Besonders hervorzuheben sind vor allem noch einmal die Beats auf "Aussenseiter". Da das Album komplett von Epic Infantry produziert ist, sind die Instrumentals durchgängig auf einem sehr hohen Niveau. Fast immer fangen sie perfekt die Atmosphäre des jeweiligen Tracks ein oder helfen viel mehr dabei, diese dichte Stimmung überhaupt erst zu erzeugen und zu festigen. Außerdem umfassen sie ein ganzes Spektrum an Instrumenten. Von den anfangs genannten Geigen über kräftige E-Gitarren bis zum nachdenklichen Piano. Auch hier zeigt sich eine große Vielfalt. Das kommt dem Album extrem zugute und lässt den einen oder anderen thematisch altbackenen Track dennoch in modernem Glanz erstrahlen.
Fazit:
Wie schon auf dem Cover des Albums zu sehen, hat Sinuhes "Aussenseiter" wirklich viele Facetten.
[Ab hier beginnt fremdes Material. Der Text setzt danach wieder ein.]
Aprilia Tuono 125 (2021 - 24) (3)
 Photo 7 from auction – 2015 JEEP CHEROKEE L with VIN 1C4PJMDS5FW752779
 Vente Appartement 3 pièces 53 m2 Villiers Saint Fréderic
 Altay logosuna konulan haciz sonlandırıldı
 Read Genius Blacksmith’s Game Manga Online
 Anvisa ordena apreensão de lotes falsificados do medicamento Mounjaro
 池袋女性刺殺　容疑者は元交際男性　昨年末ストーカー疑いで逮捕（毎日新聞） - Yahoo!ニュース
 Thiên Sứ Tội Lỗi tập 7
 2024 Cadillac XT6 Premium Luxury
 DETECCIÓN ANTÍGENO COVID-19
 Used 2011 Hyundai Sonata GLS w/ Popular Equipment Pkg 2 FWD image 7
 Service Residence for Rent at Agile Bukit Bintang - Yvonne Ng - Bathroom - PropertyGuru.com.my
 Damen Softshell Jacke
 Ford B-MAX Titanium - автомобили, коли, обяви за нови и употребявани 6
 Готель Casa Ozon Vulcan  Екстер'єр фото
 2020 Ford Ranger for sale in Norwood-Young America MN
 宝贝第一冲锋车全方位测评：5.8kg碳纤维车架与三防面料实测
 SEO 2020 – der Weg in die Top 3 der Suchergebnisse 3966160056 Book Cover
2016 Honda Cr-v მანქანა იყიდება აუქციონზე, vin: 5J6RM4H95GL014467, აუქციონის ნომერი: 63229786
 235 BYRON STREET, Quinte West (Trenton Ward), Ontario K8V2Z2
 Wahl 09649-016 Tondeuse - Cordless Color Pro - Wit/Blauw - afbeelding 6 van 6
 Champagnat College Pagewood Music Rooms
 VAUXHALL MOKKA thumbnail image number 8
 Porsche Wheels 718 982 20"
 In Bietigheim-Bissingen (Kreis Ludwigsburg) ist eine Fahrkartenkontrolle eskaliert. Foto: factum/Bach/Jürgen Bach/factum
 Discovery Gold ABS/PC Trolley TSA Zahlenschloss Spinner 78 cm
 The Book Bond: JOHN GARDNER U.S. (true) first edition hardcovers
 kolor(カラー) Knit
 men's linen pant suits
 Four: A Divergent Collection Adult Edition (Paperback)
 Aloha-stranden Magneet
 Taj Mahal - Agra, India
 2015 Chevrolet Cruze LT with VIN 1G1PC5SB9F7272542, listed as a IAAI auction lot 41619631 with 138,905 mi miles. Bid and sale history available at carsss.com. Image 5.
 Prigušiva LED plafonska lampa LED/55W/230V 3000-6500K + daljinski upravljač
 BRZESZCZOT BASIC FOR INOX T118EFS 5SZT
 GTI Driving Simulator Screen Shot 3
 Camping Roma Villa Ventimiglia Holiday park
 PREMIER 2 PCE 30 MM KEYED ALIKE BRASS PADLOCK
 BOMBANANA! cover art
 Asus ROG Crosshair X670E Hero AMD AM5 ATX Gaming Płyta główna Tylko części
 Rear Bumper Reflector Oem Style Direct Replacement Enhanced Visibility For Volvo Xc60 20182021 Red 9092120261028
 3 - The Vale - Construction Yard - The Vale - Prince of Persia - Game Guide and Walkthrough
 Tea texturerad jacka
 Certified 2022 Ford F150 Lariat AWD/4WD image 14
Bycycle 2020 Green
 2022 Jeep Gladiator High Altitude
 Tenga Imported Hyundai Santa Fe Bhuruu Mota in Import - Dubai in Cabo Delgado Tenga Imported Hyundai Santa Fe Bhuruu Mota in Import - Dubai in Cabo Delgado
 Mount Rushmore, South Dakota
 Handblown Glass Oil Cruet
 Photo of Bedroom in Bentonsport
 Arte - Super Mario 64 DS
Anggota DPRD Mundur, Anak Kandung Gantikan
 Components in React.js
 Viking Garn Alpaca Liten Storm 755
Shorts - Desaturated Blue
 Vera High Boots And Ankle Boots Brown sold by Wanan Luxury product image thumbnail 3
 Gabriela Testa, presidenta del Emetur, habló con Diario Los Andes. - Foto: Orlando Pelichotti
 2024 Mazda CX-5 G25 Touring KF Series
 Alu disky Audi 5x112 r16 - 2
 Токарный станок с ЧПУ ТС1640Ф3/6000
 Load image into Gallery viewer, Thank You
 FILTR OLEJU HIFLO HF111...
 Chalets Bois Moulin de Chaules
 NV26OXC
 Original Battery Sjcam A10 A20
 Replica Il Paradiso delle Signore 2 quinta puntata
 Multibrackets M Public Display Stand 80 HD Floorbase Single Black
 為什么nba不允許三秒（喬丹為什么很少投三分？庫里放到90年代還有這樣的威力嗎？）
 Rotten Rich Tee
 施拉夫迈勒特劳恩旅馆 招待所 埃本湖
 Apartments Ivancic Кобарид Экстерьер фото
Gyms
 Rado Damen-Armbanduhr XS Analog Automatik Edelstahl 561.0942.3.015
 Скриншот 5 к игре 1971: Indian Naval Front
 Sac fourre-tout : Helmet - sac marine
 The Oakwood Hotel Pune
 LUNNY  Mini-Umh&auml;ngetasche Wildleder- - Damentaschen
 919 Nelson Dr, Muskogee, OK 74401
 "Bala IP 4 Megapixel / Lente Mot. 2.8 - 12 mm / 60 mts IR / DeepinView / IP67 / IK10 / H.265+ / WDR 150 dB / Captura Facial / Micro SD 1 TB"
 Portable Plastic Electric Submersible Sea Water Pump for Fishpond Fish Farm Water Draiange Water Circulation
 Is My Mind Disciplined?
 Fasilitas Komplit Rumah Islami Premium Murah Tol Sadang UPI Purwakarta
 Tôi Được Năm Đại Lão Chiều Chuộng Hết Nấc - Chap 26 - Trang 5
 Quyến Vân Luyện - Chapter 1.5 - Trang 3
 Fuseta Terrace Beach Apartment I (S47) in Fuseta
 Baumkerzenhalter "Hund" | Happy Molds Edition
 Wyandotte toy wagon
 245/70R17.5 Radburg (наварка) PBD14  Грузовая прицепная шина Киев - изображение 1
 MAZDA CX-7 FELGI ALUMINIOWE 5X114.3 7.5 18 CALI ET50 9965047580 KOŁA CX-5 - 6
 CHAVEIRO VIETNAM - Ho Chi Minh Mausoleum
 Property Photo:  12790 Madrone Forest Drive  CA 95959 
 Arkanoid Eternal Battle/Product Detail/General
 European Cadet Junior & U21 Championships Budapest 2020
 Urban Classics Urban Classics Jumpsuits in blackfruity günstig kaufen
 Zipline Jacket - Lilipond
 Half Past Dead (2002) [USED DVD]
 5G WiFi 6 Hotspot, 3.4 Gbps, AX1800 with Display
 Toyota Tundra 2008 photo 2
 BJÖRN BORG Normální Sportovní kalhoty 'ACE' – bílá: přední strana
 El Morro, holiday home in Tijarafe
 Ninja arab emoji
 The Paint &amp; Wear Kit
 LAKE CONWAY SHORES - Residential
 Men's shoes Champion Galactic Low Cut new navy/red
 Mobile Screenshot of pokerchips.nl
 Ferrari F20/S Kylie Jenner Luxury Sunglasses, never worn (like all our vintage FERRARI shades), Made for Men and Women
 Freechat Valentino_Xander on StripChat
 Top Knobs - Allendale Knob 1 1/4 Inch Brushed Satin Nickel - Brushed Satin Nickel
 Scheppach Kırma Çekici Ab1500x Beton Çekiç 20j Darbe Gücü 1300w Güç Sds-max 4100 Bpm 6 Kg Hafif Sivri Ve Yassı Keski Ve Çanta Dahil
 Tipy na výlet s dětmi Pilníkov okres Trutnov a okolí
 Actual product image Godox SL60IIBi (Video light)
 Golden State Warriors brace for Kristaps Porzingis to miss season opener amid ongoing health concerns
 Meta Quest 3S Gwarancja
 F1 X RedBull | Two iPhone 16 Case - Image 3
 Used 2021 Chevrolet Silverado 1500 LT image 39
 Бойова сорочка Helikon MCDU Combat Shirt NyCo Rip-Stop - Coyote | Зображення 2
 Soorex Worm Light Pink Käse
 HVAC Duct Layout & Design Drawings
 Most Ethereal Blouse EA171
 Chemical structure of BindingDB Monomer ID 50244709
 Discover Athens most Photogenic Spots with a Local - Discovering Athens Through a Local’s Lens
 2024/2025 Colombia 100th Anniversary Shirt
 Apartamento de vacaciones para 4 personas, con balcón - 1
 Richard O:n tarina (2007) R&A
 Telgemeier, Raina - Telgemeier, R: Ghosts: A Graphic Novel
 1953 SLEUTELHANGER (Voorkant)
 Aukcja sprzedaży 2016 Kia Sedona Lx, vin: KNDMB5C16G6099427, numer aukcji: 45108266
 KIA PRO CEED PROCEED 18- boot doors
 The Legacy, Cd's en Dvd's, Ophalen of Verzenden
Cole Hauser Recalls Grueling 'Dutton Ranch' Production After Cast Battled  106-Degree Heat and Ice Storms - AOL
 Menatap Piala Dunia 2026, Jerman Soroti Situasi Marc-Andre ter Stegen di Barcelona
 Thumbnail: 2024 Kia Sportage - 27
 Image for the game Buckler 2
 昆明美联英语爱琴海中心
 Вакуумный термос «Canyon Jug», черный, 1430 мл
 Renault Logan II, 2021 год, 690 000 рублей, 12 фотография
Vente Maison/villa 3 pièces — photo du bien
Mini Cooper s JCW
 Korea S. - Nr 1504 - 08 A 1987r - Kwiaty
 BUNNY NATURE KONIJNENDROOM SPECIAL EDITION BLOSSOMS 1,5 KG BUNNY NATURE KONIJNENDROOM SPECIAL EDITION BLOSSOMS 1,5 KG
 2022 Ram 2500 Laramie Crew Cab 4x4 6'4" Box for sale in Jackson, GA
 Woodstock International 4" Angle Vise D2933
Auch wenn thematisch alles zunächst sehr düster und grau zu sein scheint, blitzt doch fast überall Hoffnung und Motivation zur Besserung auf. Die Message von "Aussenseiter" ist doch eine positive und gefällt mir besser, als ich erwartet habe. So geht es mir insgesamt mit dem ganzen Album. Die vielen unterschiedlichen Thematiken lassen trotz des manchmal etwas monotonen und einschläfernden Flows von Sinuhe kaum Langeweile aufkommen und sind durchgehend für jeden Menschen nachvollziehbar. Der Flow und Stimmeinsatz bleibt Geschmackssache, aber wird fast zur Nebensächlichkeit, denn beattechnisch ist alles nahezu perfekt untermalt und auch die Features sind passend gewählt. Entgegen seiner Definition muss sich "Aussenseiter" also nicht in der Abgeschiedenheit verstecken.